*EXERCISE DETAILS*:
Quote all lines below exactly. Images stay out.

*EXERCISE DATA*:
****************
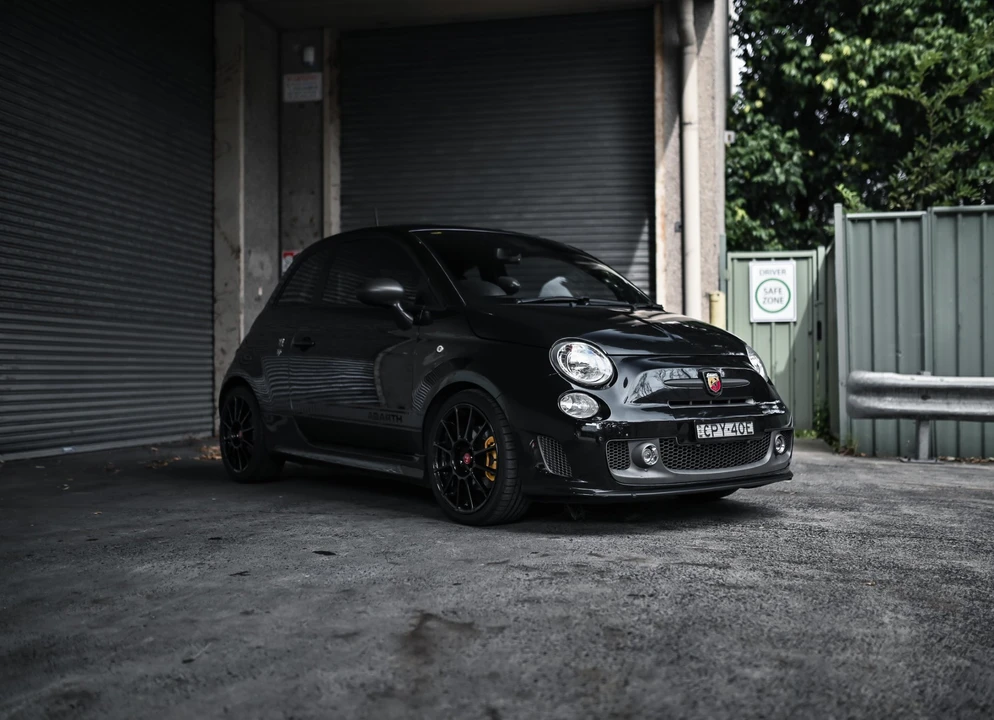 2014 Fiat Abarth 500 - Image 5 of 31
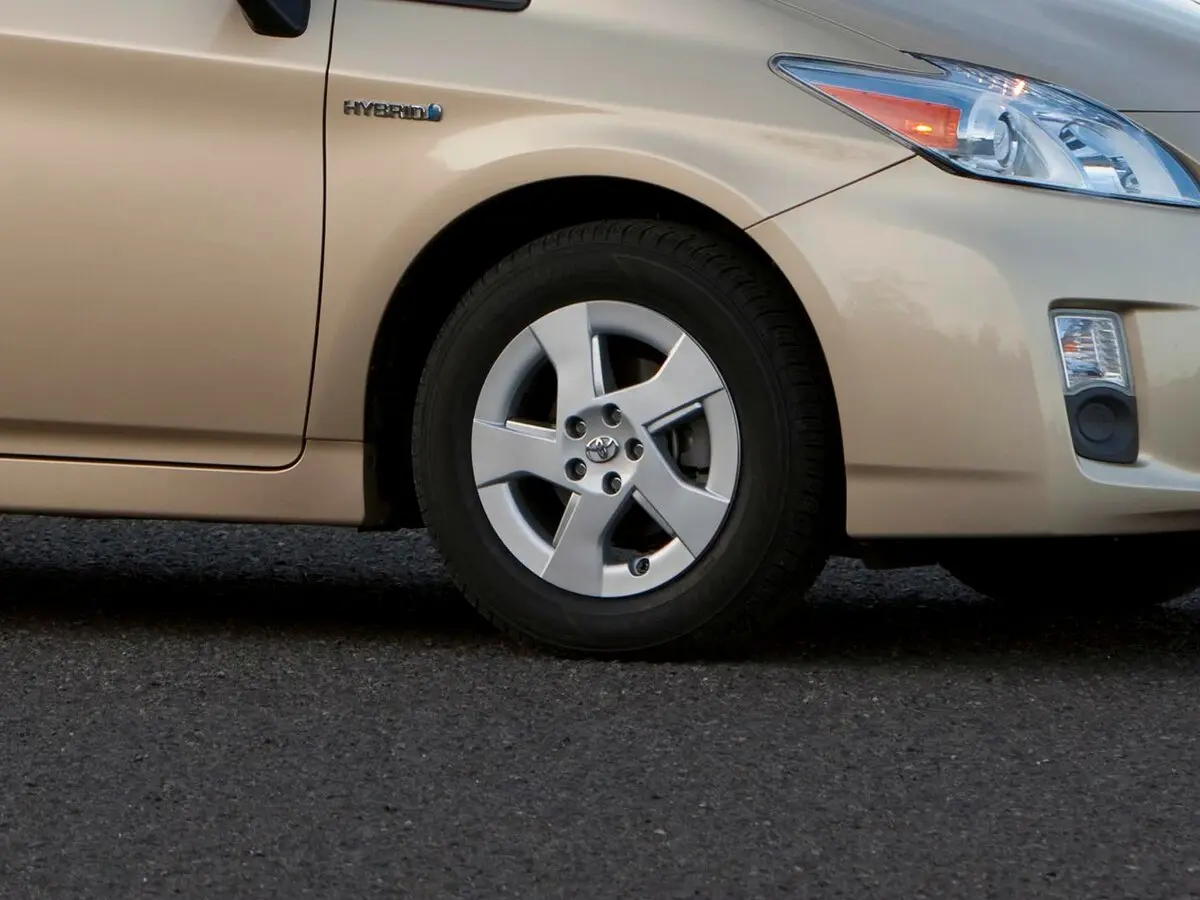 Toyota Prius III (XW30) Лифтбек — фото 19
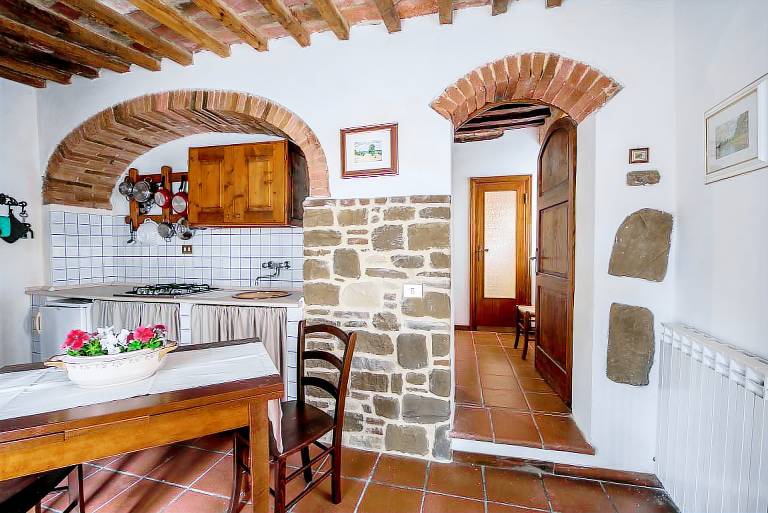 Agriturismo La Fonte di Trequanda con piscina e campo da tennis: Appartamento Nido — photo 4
****************
*SOLUTION TO THIS EXERCISE*:
 2014 Fiat Abarth 500 - Image 5 of 31
 Toyota Prius III (XW30) Лифтбек — фото 19
 Agriturismo La Fonte di Trequanda con piscina e campo da tennis: Appartamento Nido — photo 4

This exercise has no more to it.